To the Seattle Department of Transportation (SDOT), these marginal spaces are parks in the making.
SDOT is launching a pilot program to allow community groups and businesses to turn pieces of right-of-way, such as street parking spaces, into a small park, or “parklet.”
About 27 percent of all land in Seattle is public right-of-way. SDOT manages the land through a permitting process, said Jennifer Wieland, an SDOT program manager.
Businesses and community groups will be able to apply for a permit to turn public right-of-way into public areas similar to existing pocket parks — “bigger and greener, but the same sort of experience,” Wieland said.

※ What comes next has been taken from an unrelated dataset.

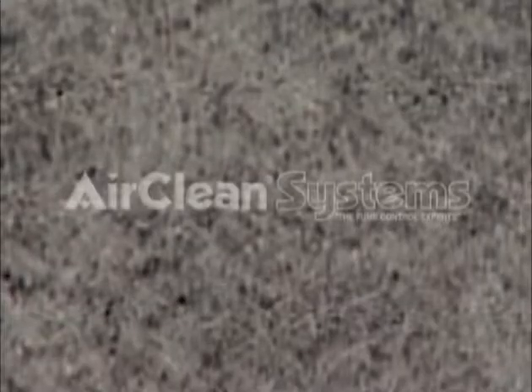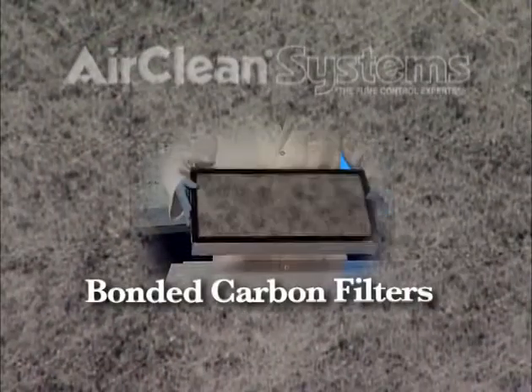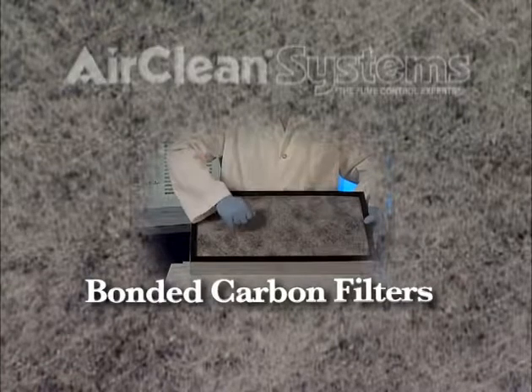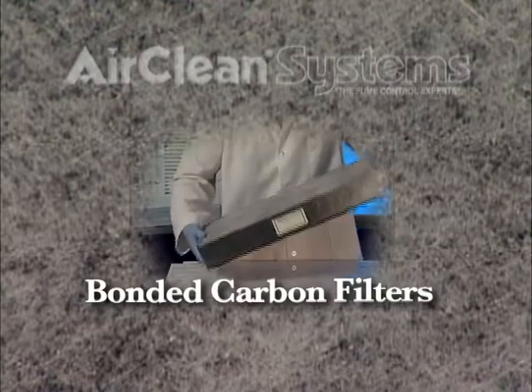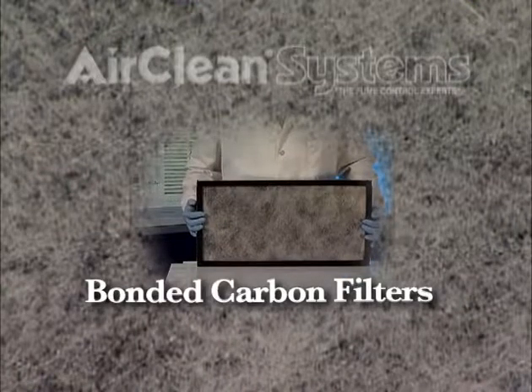AirClean Systems utilizes revolutionary bonded carbon filtration that provides effective containment of toxic vapors, gases, and fumes, while eliminating potential exposure to hazardous carbon dust. Since the carbon filter is bonded, layering of different impregnates can be easily accomplished to handle a wider range of chemistry.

Plants and seating would likely be included along with a buffer from traffic.
“It does actually create a decent amount of seating for people,” Wieland said, since two parking spaces give about 40 feet to work with.
Parklets must be designed and constructed so they can be removed, and the sponsor or proponent must apply for renewal of the permit each year. While not a permanent structure, a parklet must be constructed with quality materials, “so it could last at least for a few years,” Wieland said.
There are plans in the works for parklets in center city neighborhoods, Wieland said, though she could not yet say where, or how many, because proposals are still being finalized. The program is part of SDOT’s effort to consolidate management of public right-of-way and make better use of it.
The public notification process for parklets will be similar to the process SDOT uses for sidewalk cafes, with each sponsor posting a notice in the proposed location and providing a
14-day public comment period.
Program organizers are in the process of developing an implementation strategy for parklets and expect to make a presentation to the mayor and Seattle City Council in July. SDOT is planning to hold public events and a media launch to spread the word about parklets.
Though sponsored and maintained by businesses and community groups, parklets must be open to all.
“Every parklet will have a sign on it that says this is public space,” Wieland said.
In other cities, sponsors of parklets have sometimes needed that reminder.
“Some cities have run into problems where the parklet sponsor has tried to move people out,” Wieland said. “They’ve had to go back to the parklet sponsor, and say look, you can’t do that.”
Such conflicts can be avoided, Wieland said, by educating sponsors and actively managing the space.
“Part of designing a great space is that you’ll have a lot of people who want to use it,” Wieland said. “As long we have a mix of all different kinds of people who are comfortable, it’s going to be a success.”